▸ Your objective: Everything from the top of the data below through the line with "Bvlgari Diva Dream K18PG Pink Gold Necklace" should be duplicated exactly, and nothing past it.

▸ Data excerpts:
=====

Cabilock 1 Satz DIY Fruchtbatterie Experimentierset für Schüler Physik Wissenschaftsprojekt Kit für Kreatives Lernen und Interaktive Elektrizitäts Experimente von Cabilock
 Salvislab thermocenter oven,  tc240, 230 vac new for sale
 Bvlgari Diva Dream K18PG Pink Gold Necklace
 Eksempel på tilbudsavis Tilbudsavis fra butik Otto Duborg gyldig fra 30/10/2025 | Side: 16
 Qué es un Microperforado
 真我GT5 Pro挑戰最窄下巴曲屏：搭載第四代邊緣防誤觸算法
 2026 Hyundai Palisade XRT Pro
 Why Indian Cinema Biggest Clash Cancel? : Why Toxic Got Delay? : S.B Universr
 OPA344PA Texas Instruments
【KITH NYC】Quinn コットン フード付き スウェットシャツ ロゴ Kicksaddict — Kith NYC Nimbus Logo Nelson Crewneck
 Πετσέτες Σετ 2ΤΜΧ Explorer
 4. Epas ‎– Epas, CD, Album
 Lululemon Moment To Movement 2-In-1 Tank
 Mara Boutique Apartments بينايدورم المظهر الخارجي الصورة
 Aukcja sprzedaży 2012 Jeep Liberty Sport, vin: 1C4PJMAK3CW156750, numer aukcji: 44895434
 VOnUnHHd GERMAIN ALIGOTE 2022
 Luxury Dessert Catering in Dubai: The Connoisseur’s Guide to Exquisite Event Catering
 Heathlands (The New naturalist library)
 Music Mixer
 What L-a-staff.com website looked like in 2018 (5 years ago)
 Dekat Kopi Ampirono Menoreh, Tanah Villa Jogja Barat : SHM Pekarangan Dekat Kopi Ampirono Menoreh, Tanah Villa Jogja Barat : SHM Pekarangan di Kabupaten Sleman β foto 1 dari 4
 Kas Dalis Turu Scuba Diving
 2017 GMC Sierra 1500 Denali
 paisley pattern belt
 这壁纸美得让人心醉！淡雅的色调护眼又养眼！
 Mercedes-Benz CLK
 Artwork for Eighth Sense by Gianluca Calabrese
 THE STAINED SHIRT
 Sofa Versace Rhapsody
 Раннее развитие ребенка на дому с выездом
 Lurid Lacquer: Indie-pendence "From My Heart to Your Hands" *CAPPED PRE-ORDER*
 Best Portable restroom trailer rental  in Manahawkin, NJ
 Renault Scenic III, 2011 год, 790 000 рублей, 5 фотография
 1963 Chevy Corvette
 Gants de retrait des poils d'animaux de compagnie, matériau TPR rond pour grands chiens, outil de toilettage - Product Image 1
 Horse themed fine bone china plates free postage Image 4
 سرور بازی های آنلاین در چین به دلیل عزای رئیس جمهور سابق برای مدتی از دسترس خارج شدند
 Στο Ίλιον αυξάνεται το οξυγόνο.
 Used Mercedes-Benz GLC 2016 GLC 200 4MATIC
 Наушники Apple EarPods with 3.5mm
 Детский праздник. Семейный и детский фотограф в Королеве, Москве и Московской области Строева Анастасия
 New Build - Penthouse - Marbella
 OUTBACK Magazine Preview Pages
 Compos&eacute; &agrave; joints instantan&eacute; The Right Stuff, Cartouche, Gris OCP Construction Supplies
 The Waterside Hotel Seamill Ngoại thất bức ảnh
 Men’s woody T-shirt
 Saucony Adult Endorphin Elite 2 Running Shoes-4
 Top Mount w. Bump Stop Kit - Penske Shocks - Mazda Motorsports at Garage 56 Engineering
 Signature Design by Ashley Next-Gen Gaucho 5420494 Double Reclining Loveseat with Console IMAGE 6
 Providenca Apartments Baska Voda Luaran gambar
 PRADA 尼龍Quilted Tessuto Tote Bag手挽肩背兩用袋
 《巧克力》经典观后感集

=====

▸ Task response:
Cabilock 1 Satz DIY Fruchtbatterie Experimentierset für Schüler Physik Wissenschaftsprojekt Kit für Kreatives Lernen und Interaktive Elektrizitäts Experimente von Cabilock
 Salvislab thermocenter oven,  tc240, 230 vac new for sale
 Bvlgari Diva Dream K18PG Pink Gold Necklace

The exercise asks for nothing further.